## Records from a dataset
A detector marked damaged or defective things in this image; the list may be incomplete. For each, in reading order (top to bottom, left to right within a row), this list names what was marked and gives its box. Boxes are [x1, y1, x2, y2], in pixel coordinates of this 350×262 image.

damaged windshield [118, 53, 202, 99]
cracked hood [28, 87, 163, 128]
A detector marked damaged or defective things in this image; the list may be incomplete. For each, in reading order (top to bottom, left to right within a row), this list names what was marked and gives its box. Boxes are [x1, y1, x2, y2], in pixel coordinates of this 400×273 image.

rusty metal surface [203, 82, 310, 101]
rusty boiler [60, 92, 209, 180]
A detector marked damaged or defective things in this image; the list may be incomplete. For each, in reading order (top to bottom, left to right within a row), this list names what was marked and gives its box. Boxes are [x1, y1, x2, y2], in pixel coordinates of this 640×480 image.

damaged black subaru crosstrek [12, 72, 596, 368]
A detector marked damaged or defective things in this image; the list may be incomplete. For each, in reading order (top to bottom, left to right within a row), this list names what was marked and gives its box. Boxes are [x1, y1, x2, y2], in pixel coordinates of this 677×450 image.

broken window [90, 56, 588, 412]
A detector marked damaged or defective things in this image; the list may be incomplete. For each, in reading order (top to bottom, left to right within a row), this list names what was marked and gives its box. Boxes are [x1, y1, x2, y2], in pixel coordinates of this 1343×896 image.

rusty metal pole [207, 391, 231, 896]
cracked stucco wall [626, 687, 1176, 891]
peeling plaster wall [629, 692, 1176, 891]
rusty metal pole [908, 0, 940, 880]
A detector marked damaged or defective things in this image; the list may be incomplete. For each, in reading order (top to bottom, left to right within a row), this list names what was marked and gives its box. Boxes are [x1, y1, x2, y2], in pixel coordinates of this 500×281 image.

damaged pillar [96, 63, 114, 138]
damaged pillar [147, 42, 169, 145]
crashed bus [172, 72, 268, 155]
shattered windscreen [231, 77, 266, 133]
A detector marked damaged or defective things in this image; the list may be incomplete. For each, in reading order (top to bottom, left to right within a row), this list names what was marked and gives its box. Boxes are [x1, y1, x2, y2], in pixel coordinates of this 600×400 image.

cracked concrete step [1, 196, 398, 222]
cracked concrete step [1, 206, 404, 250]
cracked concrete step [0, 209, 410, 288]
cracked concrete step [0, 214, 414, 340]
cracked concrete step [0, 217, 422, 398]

## Task brief
When you answer, repeat each entry exactly as it appears above.

## Solution
A detector marked damaged or defective things in this image; the list may be incomplete. For each, in reading order (top to bottom, left to right within a row), this list names what was marked and gives its box. Boxes are [x1, y1, x2, y2], in pixel coordinates of this 350×262 image.

damaged windshield [118, 53, 202, 99]
cracked hood [28, 87, 163, 128]
A detector marked damaged or defective things in this image; the list may be incomplete. For each, in reading order (top to bottom, left to right within a row), this list names what was marked and gives its box. Boxes are [x1, y1, x2, y2], in pixel coordinates of this 400×273 image.

rusty metal surface [203, 82, 310, 101]
rusty boiler [60, 92, 209, 180]
A detector marked damaged or defective things in this image; the list may be incomplete. For each, in reading order (top to bottom, left to right within a row), this list names what was marked and gives its box. Boxes are [x1, y1, x2, y2], in pixel coordinates of this 640×480 image.

damaged black subaru crosstrek [12, 72, 596, 368]
A detector marked damaged or defective things in this image; the list may be incomplete. For each, in reading order (top to bottom, left to right within a row), this list names what was marked and gives its box. Boxes are [x1, y1, x2, y2], in pixel coordinates of this 677×450 image.

broken window [90, 56, 588, 412]
A detector marked damaged or defective things in this image; the list may be incomplete. For each, in reading order (top to bottom, left to right within a row), this list names what was marked and gives its box. Boxes are [x1, y1, x2, y2], in pixel coordinates of this 1343×896 image.

rusty metal pole [207, 391, 231, 896]
cracked stucco wall [626, 687, 1176, 891]
peeling plaster wall [629, 692, 1176, 891]
rusty metal pole [908, 0, 940, 880]
A detector marked damaged or defective things in this image; the list may be incomplete. For each, in reading order (top to bottom, left to right within a row), this list names what was marked and gives its box. Boxes are [x1, y1, x2, y2], in pixel coordinates of this 500×281 image.

damaged pillar [96, 63, 114, 138]
damaged pillar [147, 42, 169, 145]
crashed bus [172, 72, 268, 155]
shattered windscreen [231, 77, 266, 133]
A detector marked damaged or defective things in this image; the list may be incomplete. For each, in reading order (top to bottom, left to right within a row), this list names what was marked and gives its box. Boxes are [x1, y1, x2, y2], in pixel coordinates of this 600×400 image.

cracked concrete step [1, 196, 398, 222]
cracked concrete step [1, 206, 404, 250]
cracked concrete step [0, 209, 410, 288]
cracked concrete step [0, 214, 414, 340]
cracked concrete step [0, 217, 422, 398]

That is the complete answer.